Directions for this task –
Up to and including the line that contains "ASOS Gold and", reproduce every line exactly, beginning with the first line below.

Extracted data entries
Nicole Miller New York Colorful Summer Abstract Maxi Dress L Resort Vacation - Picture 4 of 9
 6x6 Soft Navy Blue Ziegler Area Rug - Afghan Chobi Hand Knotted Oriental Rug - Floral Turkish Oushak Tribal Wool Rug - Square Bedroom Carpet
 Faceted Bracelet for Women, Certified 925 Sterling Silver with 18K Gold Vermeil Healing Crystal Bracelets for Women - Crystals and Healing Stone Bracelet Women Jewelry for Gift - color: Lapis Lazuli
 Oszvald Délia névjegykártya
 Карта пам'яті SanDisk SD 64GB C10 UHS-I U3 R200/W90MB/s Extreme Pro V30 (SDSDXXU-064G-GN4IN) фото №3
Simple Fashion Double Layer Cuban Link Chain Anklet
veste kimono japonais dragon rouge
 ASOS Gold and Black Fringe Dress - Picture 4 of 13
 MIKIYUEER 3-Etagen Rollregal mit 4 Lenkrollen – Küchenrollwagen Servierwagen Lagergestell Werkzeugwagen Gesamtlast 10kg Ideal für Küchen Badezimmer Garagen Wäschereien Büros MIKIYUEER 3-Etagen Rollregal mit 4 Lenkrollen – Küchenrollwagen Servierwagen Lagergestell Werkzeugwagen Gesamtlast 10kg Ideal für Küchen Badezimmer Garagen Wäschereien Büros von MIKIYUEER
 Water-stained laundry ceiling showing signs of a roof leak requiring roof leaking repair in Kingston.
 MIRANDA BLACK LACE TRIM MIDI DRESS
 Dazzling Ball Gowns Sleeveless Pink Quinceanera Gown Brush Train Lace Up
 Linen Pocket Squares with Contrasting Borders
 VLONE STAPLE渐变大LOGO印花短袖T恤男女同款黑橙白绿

Output –
Nicole Miller New York Colorful Summer Abstract Maxi Dress L Resort Vacation - Picture 4 of 9
 6x6 Soft Navy Blue Ziegler Area Rug - Afghan Chobi Hand Knotted Oriental Rug - Floral Turkish Oushak Tribal Wool Rug - Square Bedroom Carpet
 Faceted Bracelet for Women, Certified 925 Sterling Silver with 18K Gold Vermeil Healing Crystal Bracelets for Women - Crystals and Healing Stone Bracelet Women Jewelry for Gift - color: Lapis Lazuli
 Oszvald Délia névjegykártya
 Карта пам'яті SanDisk SD 64GB C10 UHS-I U3 R200/W90MB/s Extreme Pro V30 (SDSDXXU-064G-GN4IN) фото №3
Simple Fashion Double Layer Cuban Link Chain Anklet
veste kimono japonais dragon rouge
 ASOS Gold and Black Fringe Dress - Picture 4 of 13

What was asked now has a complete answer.